(MENAFN- Asia Times)
When Donald trump returns to the White House, he'll be accompanied by a coterie of China hawks , all vowing to use tariffs and export bans to stop Beijing from challenging the United States' supremacy in technology.
This isn't entirely new; China has faced such trade pressure since Trump first became president in 2017 , and it has continued through the Biden administration .
But the scale of what Trump now proposes – he has mentioned tariffs of up to 60% on goods from China – has some commentators suggesting that it could, in the words of one analyst,“keep Beijing on the defensive and permanently transform the rivalry in America's favor.”
Such a view is premised on the belief that China's outdated, state-subsidized, manufacturing-for-export model is ripe for disruption by US tariffs.

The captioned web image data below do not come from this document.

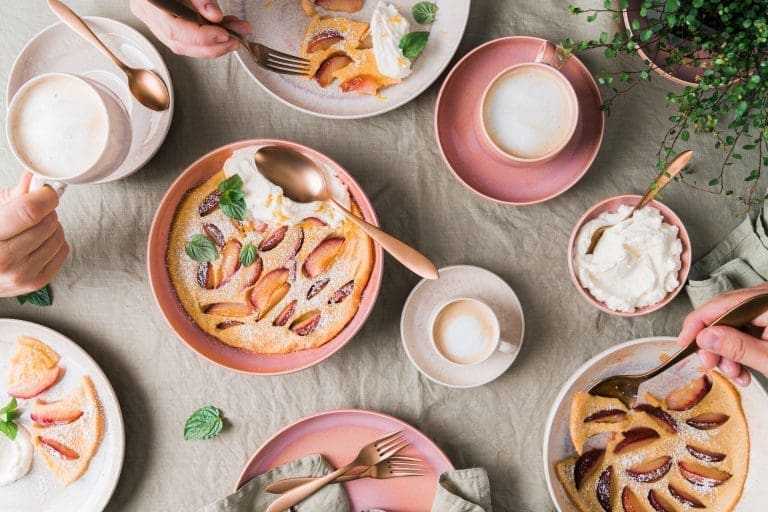 Rezept für eine schnell zubereitete Pflaumen Clafoutis. Bringt den Spätsommer auf den Tisch! Absolut gelingsicher und auch für Anfänger geeignet.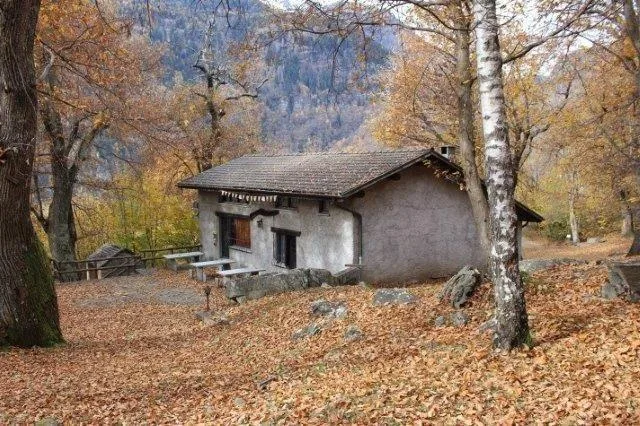 Grotto mit 3 Zimmern / Grotto con 3 camere – Foto 20 von 25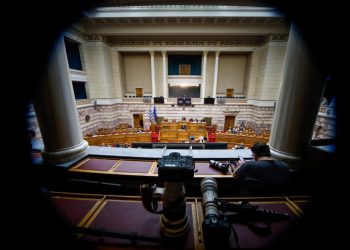 Συζήτηση στην Ολομέλεια της Βουλής για τις προτάσεις που κατέθεσαν για σύσταση προανακριτικών επιτροπών, σχετικά με τη σύμβαση "717" που αφορά τη "Σηματοδότηση σιδηροδρομικού άξονα Αθηνών - Προμαχώνα" και στρέφεται κατά τεσσάρων πρώην και νυν υπουργών του Κώστα Αχ. Καραμανλή, του Χρήστου Σπίρτζη, του Κωστή Χατζηδάκη και του Μιχάλη Χρυσοχοΐδη, Παρασκευή 24 Νοεμβρίου 2023. Οι δύο σχετικές προτάσεις είχαν κατατεθεί από ΣΥΡΙΖΑ - Προοδευτική Συμμαχία και ΠΑΣΟΚ - Κίνημα Αλλαγής. 
(ΓΙΩΡΓΟΣ ΚΟΝΤΑΡΙΝΗΣ/EUROKINISSI)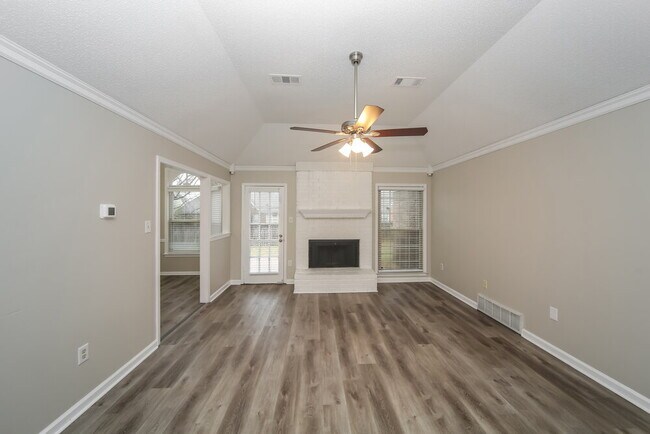 Photo - 7308 Schilling Cove E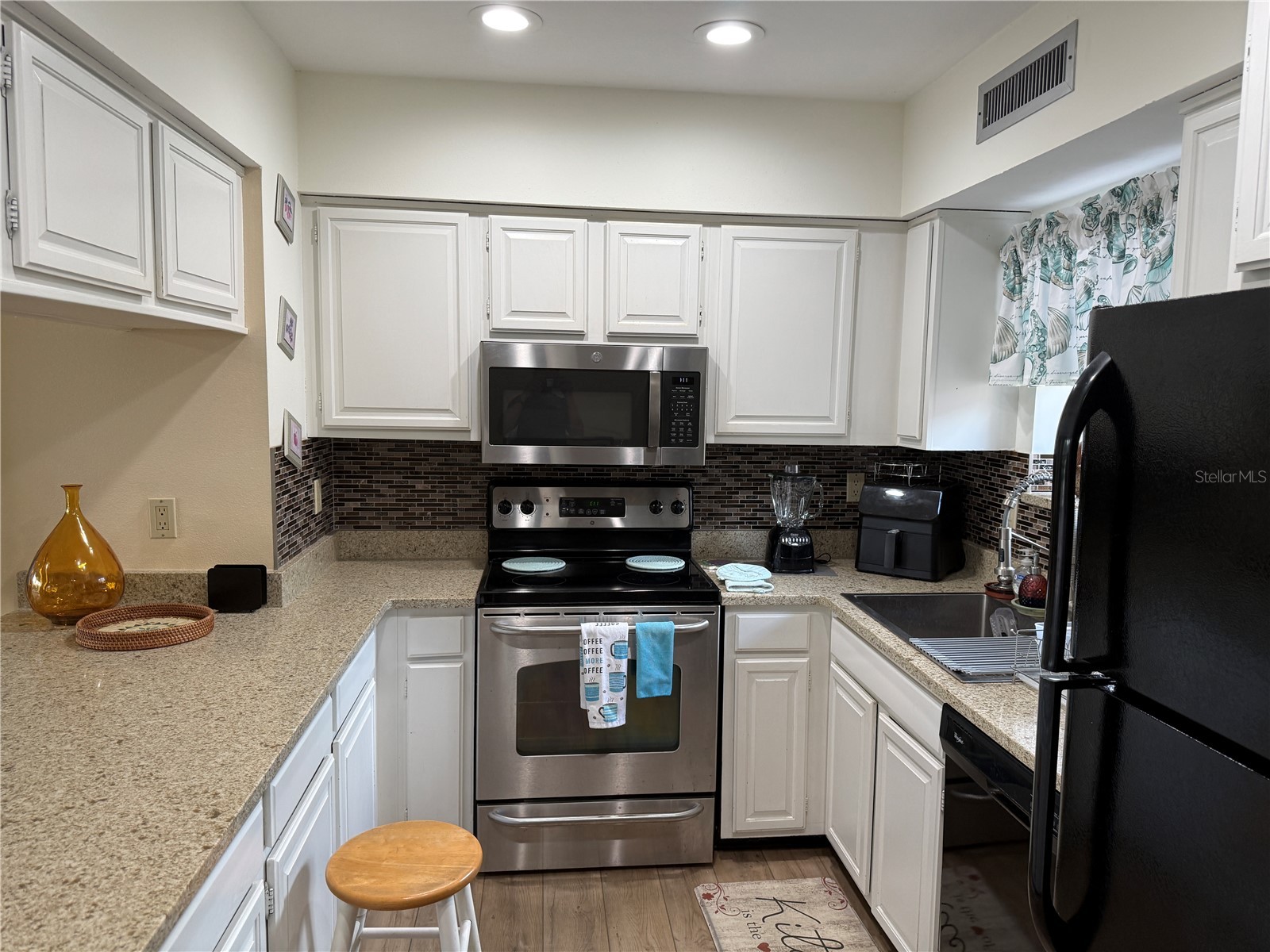 5631 Ashton Lake Drive #7 Sarasota FL 34231 - SUNNYSIDE LAKE A4679910 image6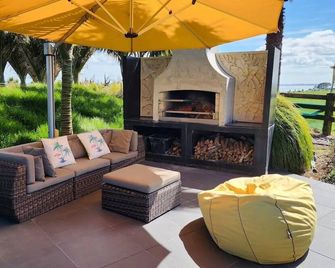 Awhitu Zen - Balinese Inspired Villa with Hot Tub - Awhitu - Patio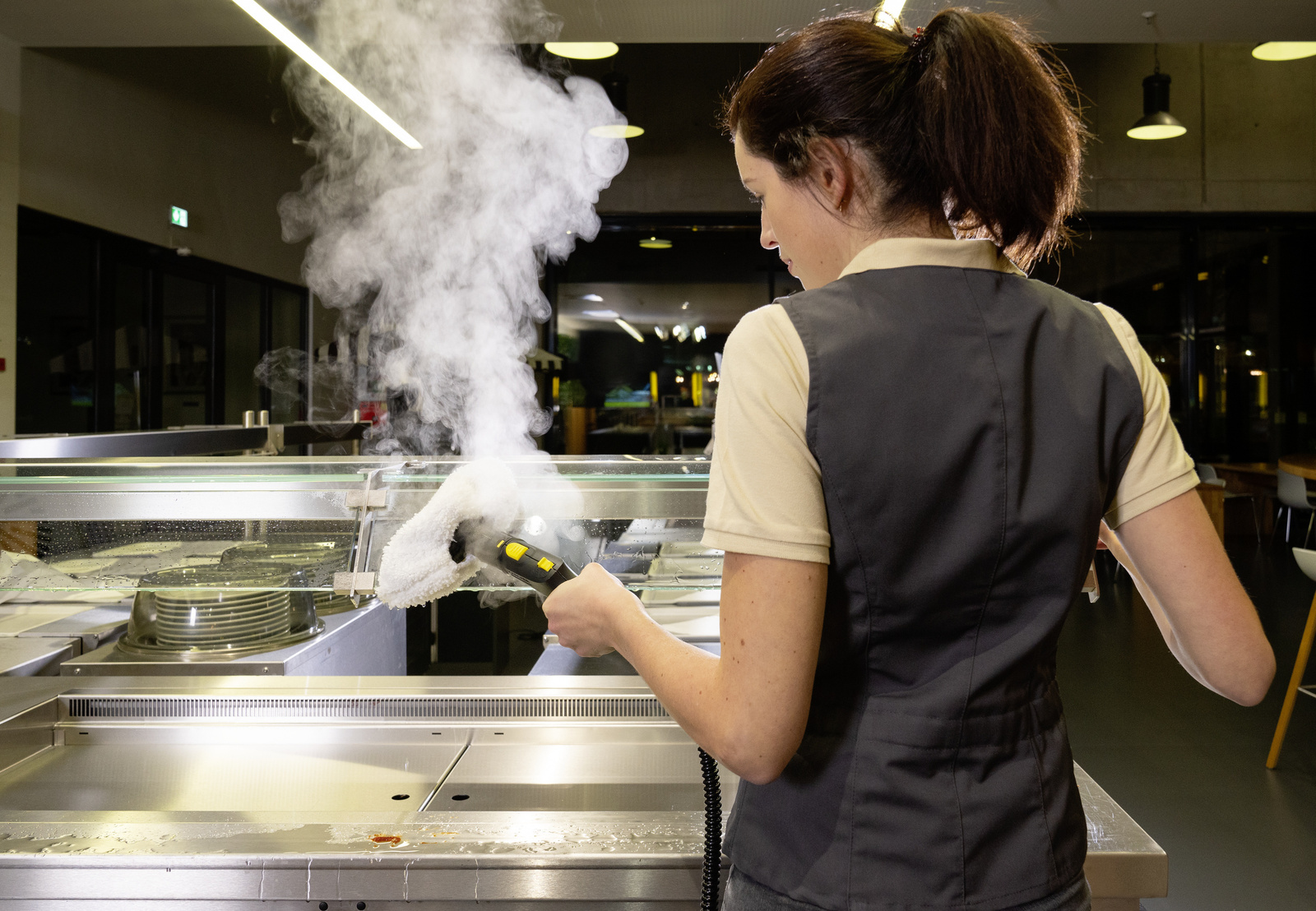 Cleaning shop windows with steam vacuum cleaners Cleaning shop windows with steam vacuum cleaners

But as someone who has studied China's technology since the early 2000s and written and edited two books on China and innovation , I believe this portrayal of China's economy is at least two decades out of date.
China's technological sectors have grown rapidly after 2016 by adapting to the imposition of American tariffs. Indeed, since the“trade war” launched by Trump in 2017, Chinese technology has actually emerged as a world leader.
China's tech ascent
Thirty years ago, China barely had internet access , and its best technology company was yet to produce a competitive personal computer domestically. Fifteen years ago, the country was the world's factory – stuck at the low end of the value chain assembling iPhones and other tech gadgets, but not able to make any high-tech parts itself.
Even with the best crystal ball in the mid-2000s, no Chinese planners could have predicted the pathways to China's technological standing today.
Fast-forward to today: China is now ahead of rival economies across broad technological fields. The think tank Information Technology and Innovation Foundation found in a 2024 report that China is leading or globally competitive in five out of nine high-tech sectors – robotics, nuclear power, electric vehicles, artificial intelligence and quantum computing – and rapidly catching up in four others: chemicals, machine tools, biopharmaceuticals and semiconductors.
A Bloomberg analysis similarly identified China as leading or globally competitive in 12 out of 13 technology-intensive industries. And the Australian Strategic Policy Institute found China leading in 37 of 44 critical technologies it tracked.
Why has the Chinese tech industry advanced so quickly? Many in Washington believe it's the result of decades of careful government planning to dominate global high-tech industries.